- Katy Perry and Russell Brand got engaged while on vacation in India, marking the first time in history that a giant, painted street elephant was able to roll his eyes. Also, they are perfect for each other like unrelated identical twins.
- Lindsay Lohan has accused ex-BFF Patrick “Pootie” Aufdenkamp of stealing from her, while the rest of the country accuses him of possibly being a gay Nazi war criminal.
- Sharon Stone is set to make an appearance on Law & Order: SVU, while Sharon Stone’s Vagina has opted to appear on NCIS: Los Angeles.
- Joan Rivers was not allowed to board a flight to Costa Rica from Newark due to some passport/boarding pass name confusion… so she took to Larry King to talk about it! That gate agent should be fired and then immediately hired to face off against Joan on a new season of Fox’s Celebrity Boxing.
- What do you get the person who has everything? Boom.

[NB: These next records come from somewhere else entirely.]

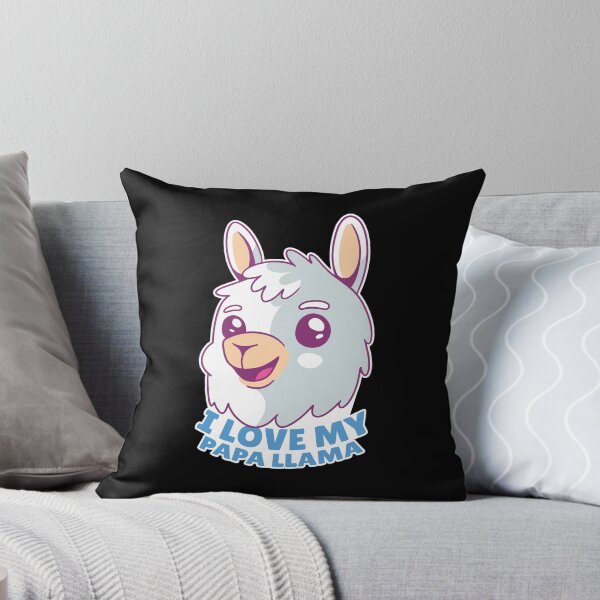 Item preview, Papa Llama Alpaca quote designed and sold by lifecareful.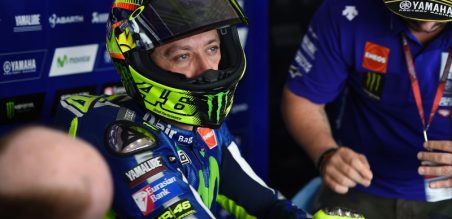 Valentino Rossi, Movistar Yamaha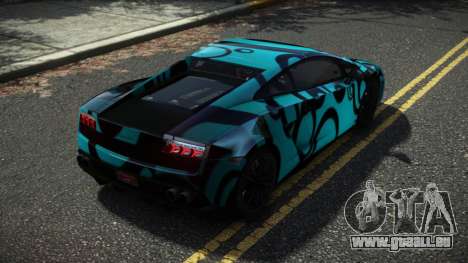Lamborghini Gallardo Draz S9 für GTA 4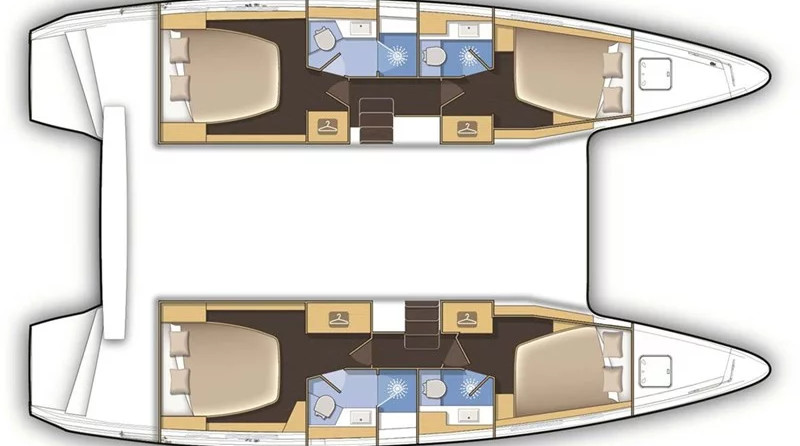 Lagoon 42
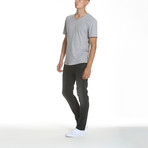 Keith 320 Skinny // Washed Black (33WX32L)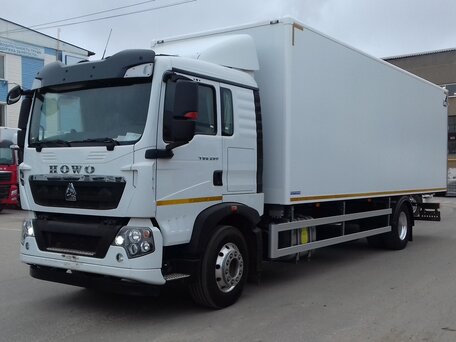 2024 Sinotruk Howo T5G, белый, 9275000 рублей, вид 1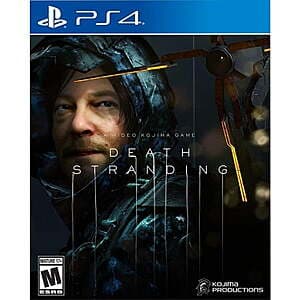$9.97 | Death Stranding (PlayStation 4) at Walmart
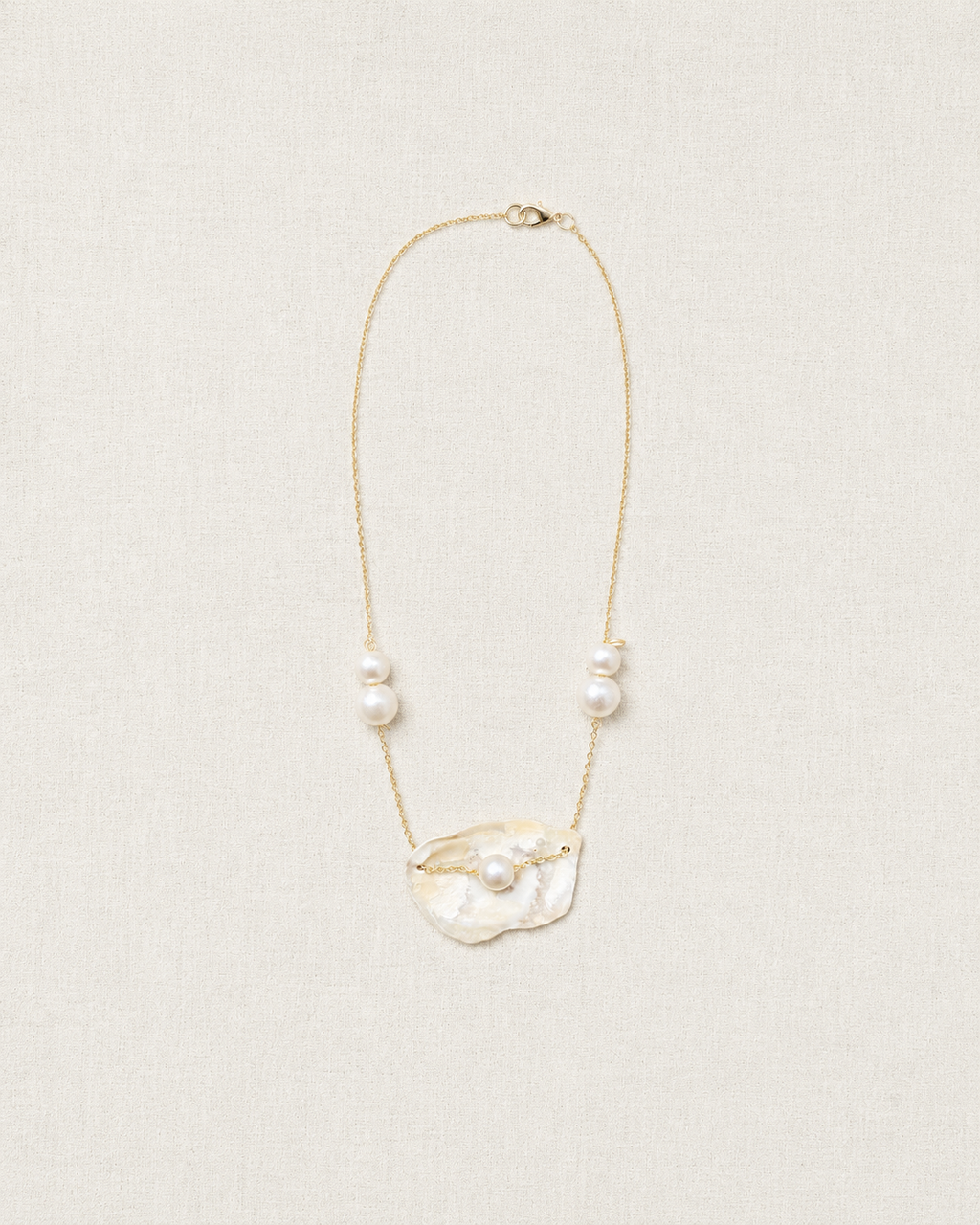 The Chilmark Necklace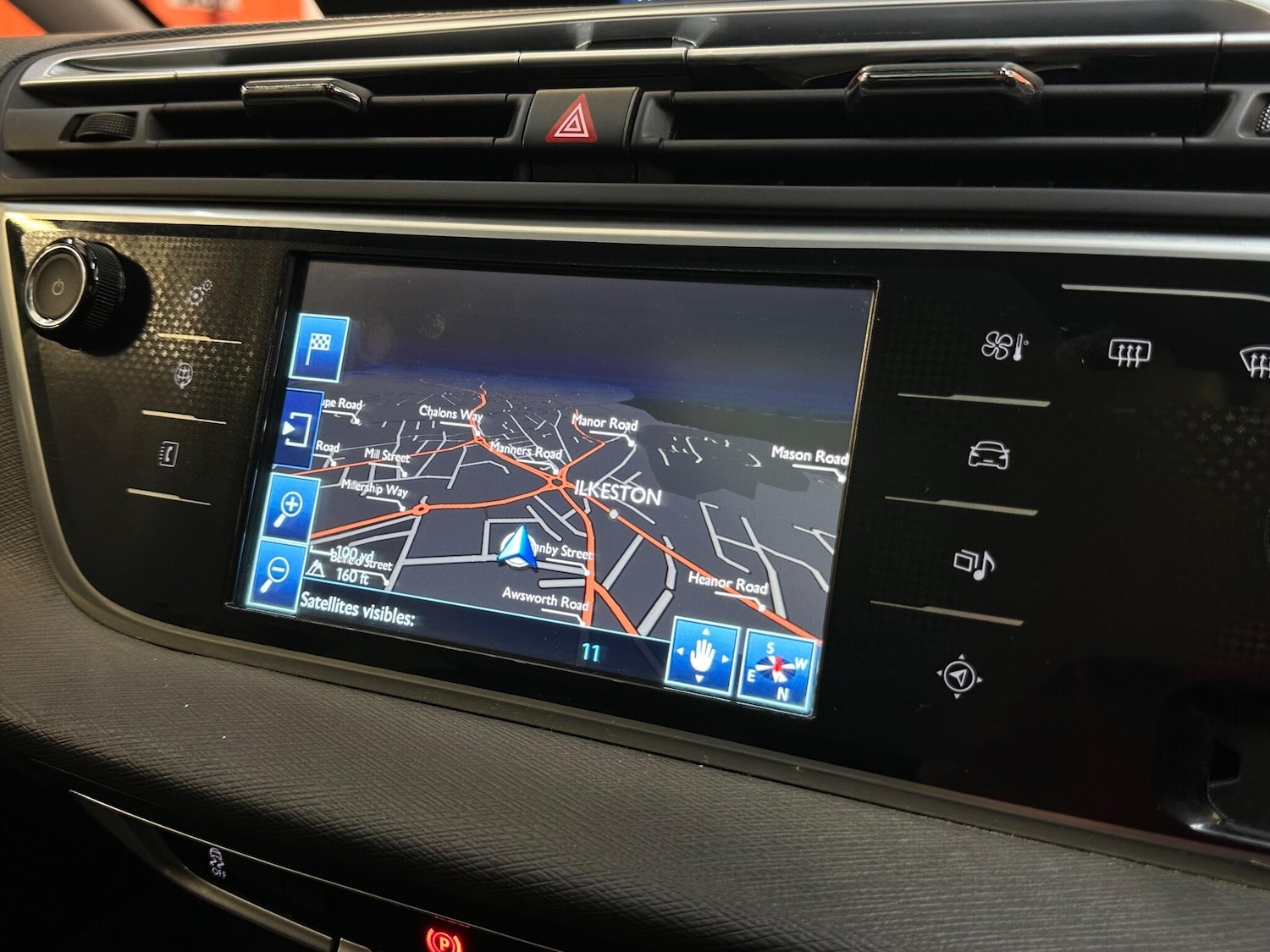 Used Citroen Grand C4 Picasso 2015 for sale - 77798909: Photo 23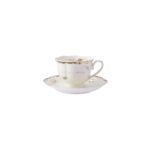 KARACA ANT?KA 80 ML COFFEE CUP SET OF 6 - Image 5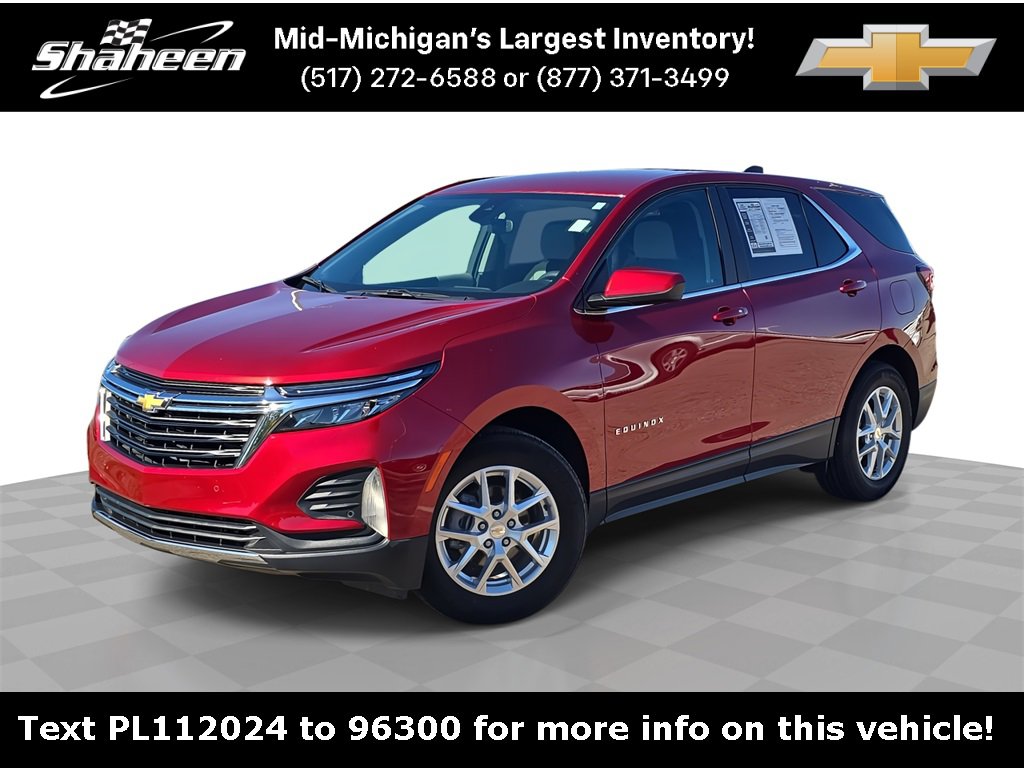 2023 Chevrolet Equinox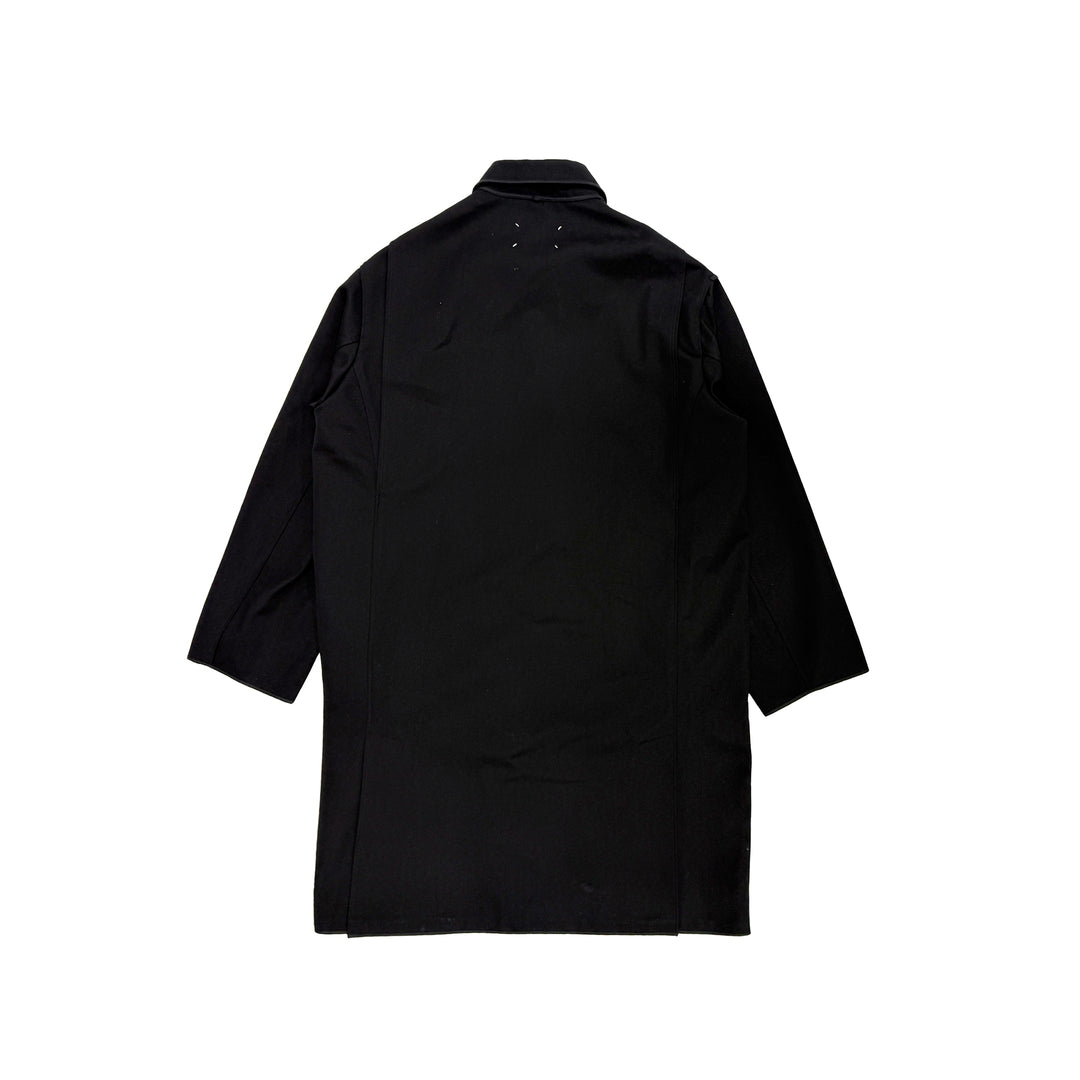 Maison Margiela Black Coat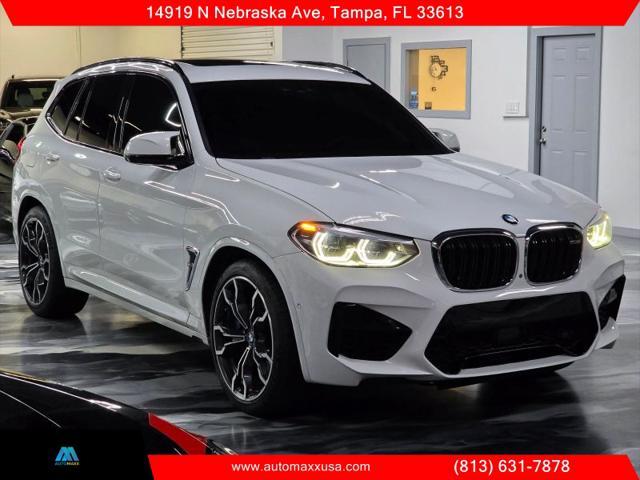2020 BMW X3 M Base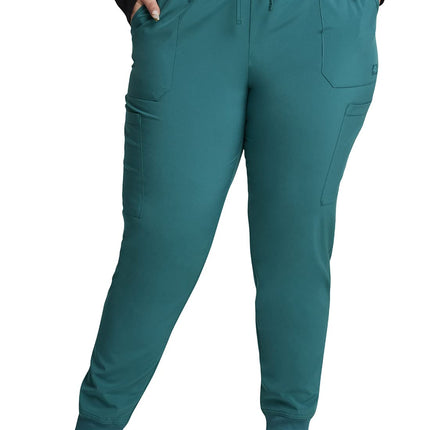 Dickies EDS Essentials Jogger Scrubs for Women, Dr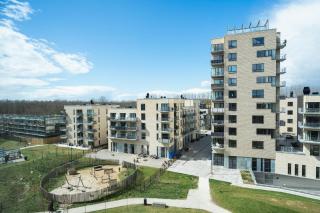 Beautiful studio w balcony - Odense - 1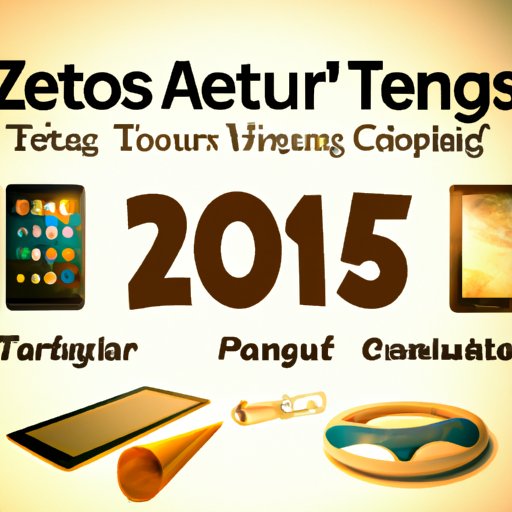 A Retrospective of the Biggest Tech Trends of 2015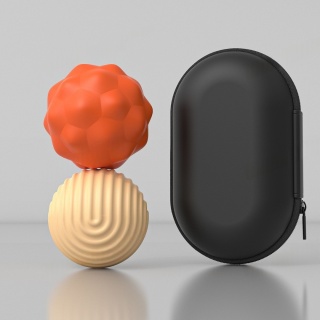 Kulki Magnetyczne Antystresowe ADHD Autyzm Sensoryczne Etui Terapia Ręki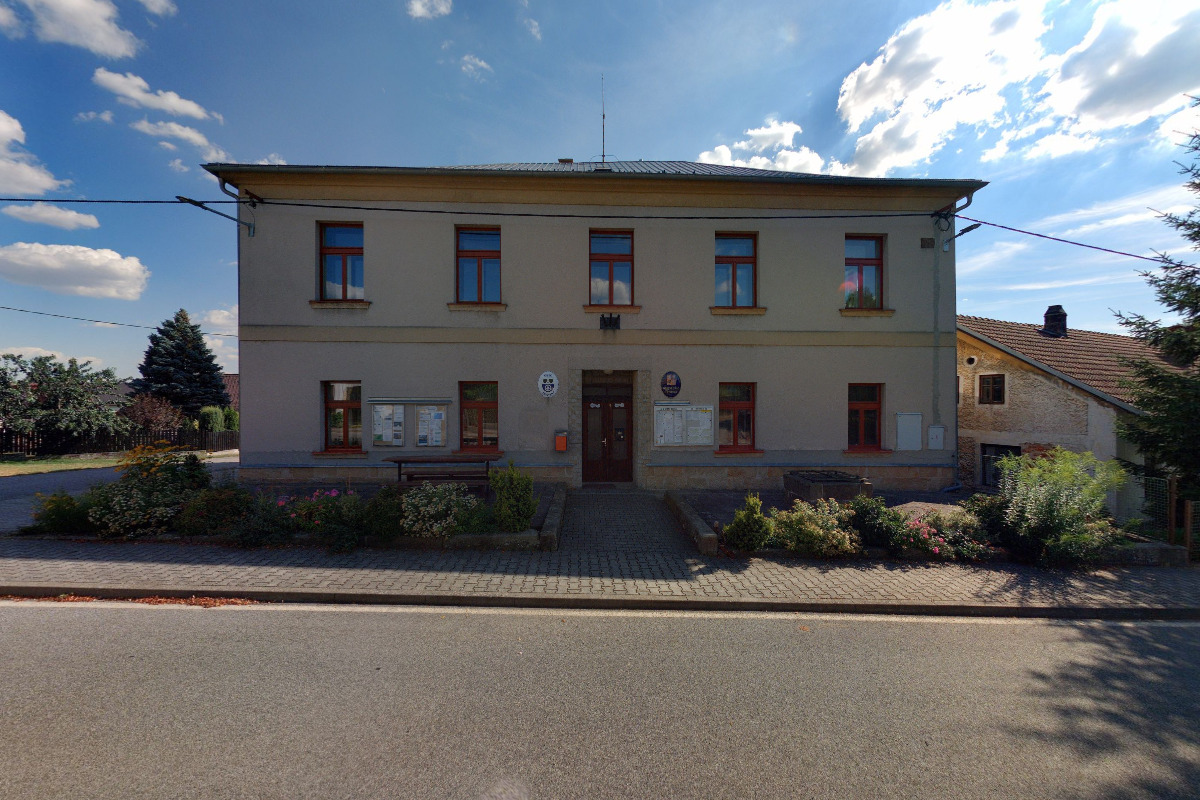 Trotina - obecní úřad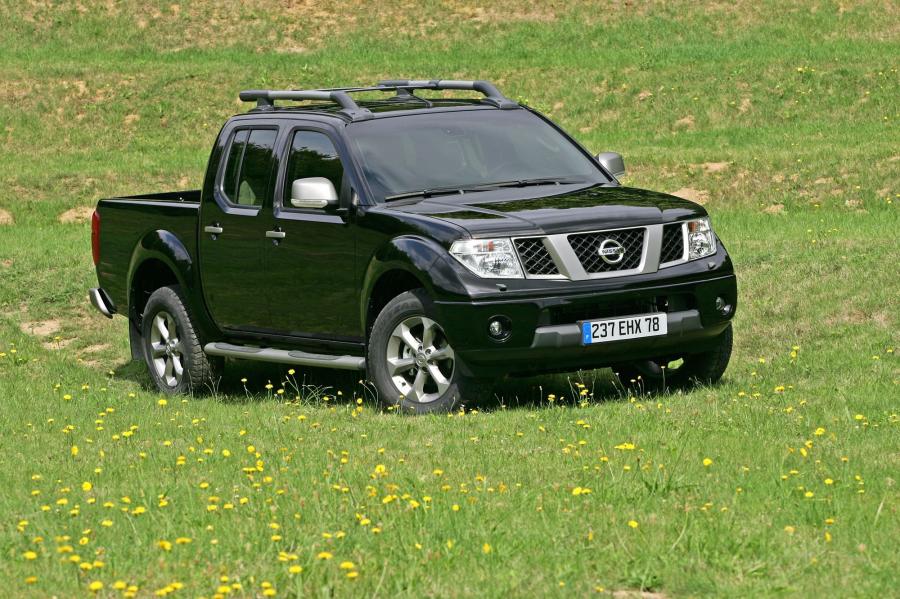 Nissan Navara '2007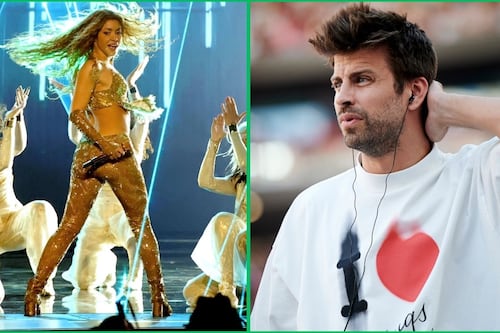 Famosa vidente asegura que Shakira y Piqué han tenido un apasionado encuentro y que hay aires de reconciliación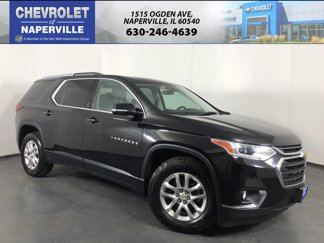 Used 2018 Chevrolet Traverse LT w/ LPO, Floor Liner Package image 1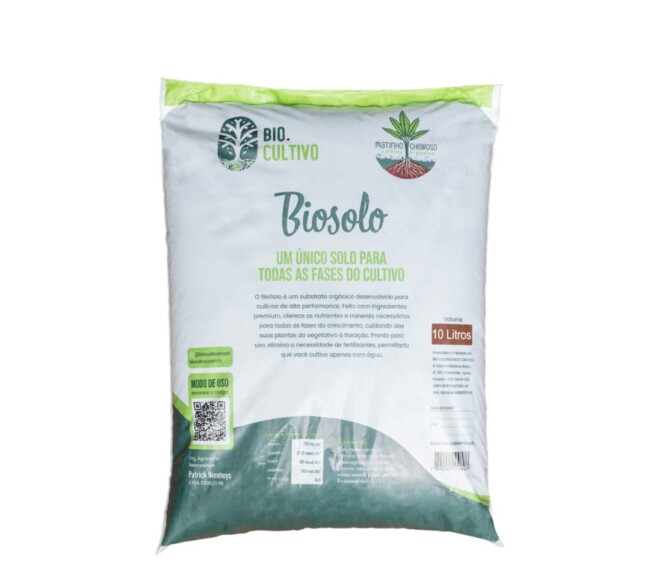 BioSolo 10 Litros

- The recent passing away of heiress Casey Johnson, also the recent girlfriend of Tila Tequila, is sad and no doubt an early loss. But it’s perhaps this line, spoken by Johnson’s ex-girlfriend to Radar, that is raising the most red flags for us: “On one occasion she (Tila) called me and a male friend screaming, saying people were breaking into her home. When I arrived, she was naked with a kitchen knife screaming, but no one was there.” It’s official: Tila Tequila needs to be stopped.